Of the lines in the material below, print only those from the one containing "Stół okrągły rozkładany" to the one containing "Automatic Male Masturbator", ends included, exactly as written and without pictures.

**Exercise materials:**

#####

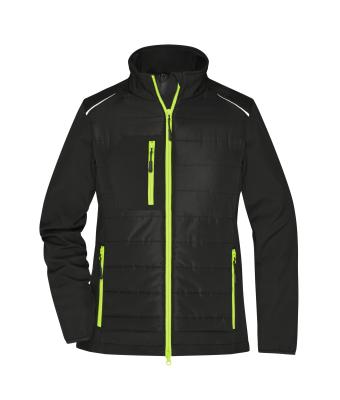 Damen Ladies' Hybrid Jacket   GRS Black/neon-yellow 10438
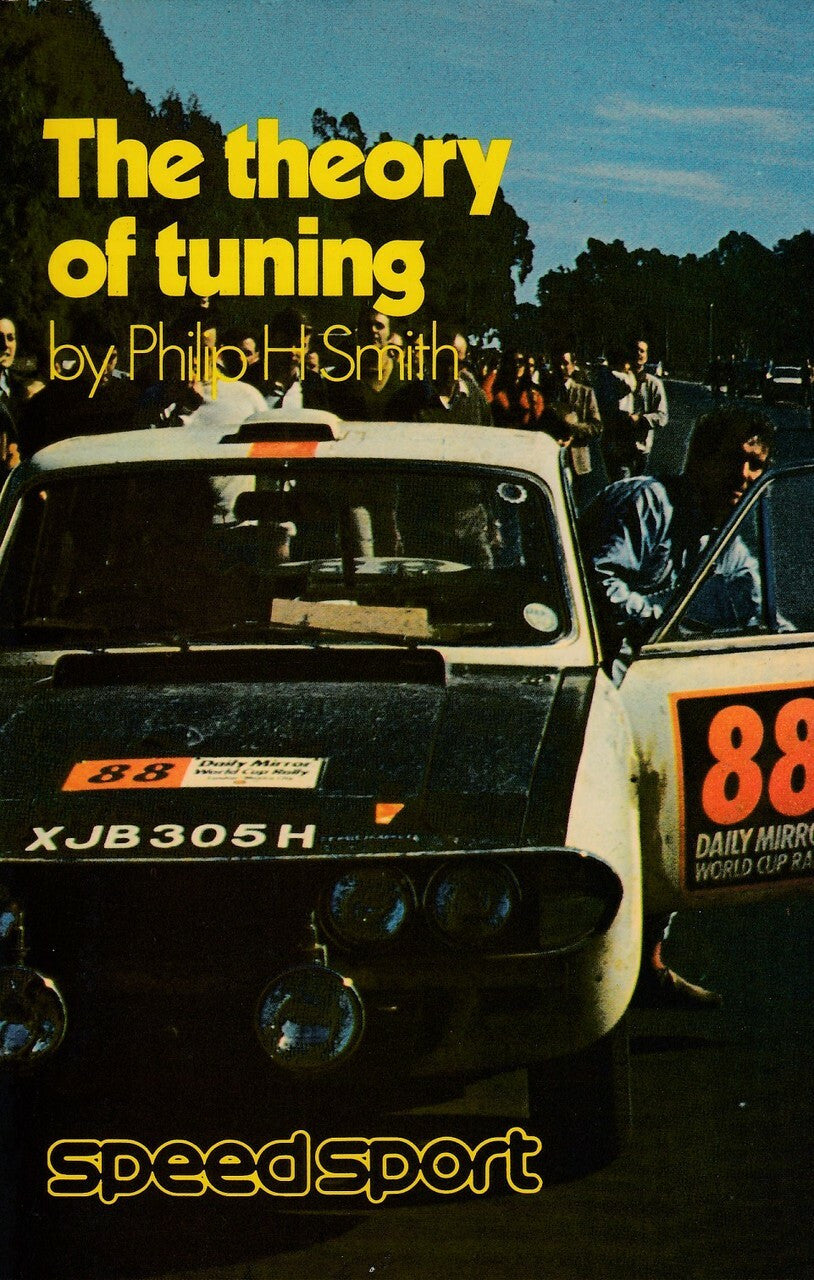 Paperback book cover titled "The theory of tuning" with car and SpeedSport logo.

#####

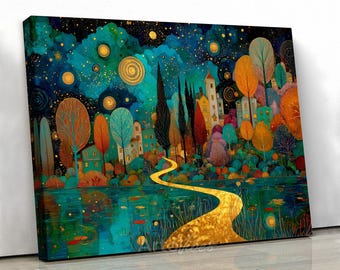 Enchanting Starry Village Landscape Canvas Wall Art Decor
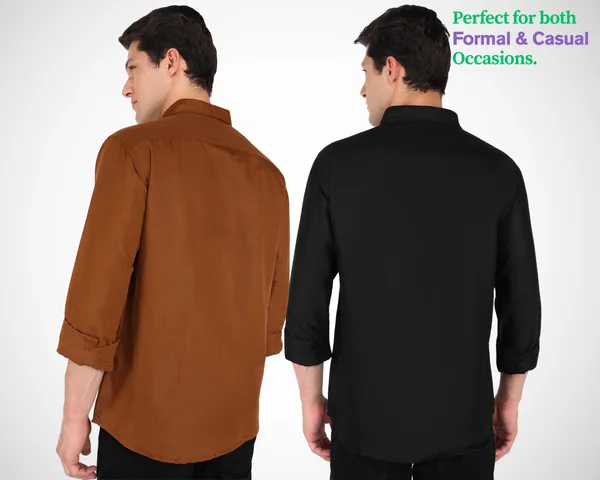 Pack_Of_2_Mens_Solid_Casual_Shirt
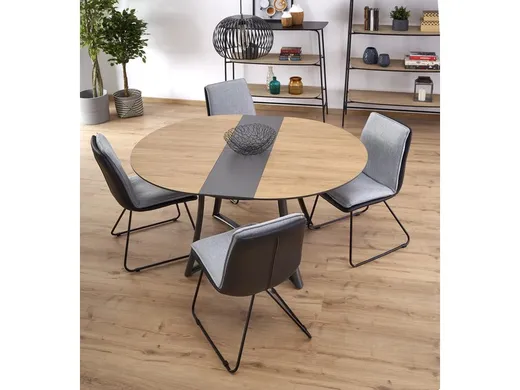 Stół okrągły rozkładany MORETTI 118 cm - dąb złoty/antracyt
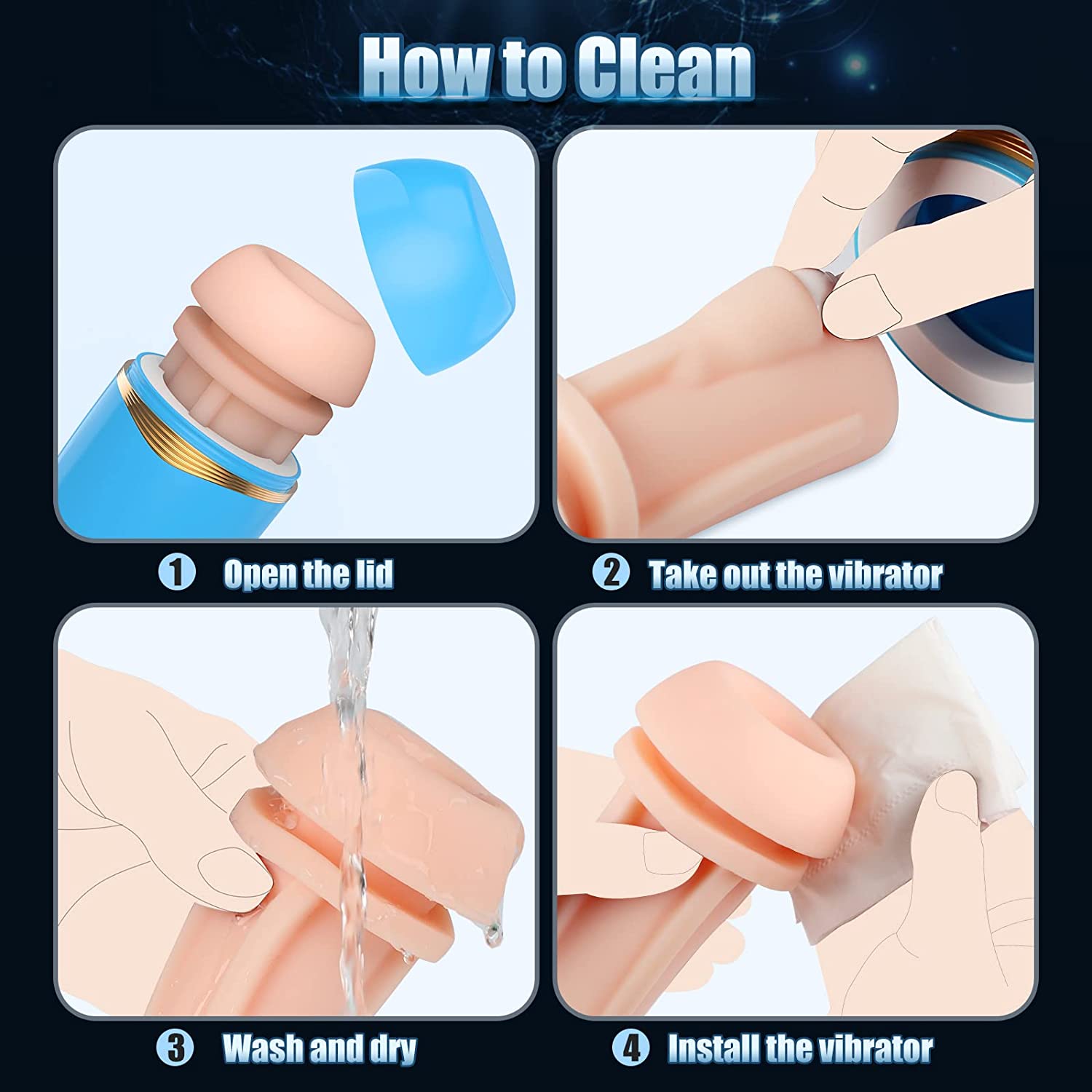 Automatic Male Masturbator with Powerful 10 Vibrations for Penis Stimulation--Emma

#####

**Response area:**
 Stół okrągły rozkładany MORETTI 118 cm - dąb złoty/antracyt
 Automatic Male Masturbator with Powerful 10 Vibrations for Penis Stimulation--Emma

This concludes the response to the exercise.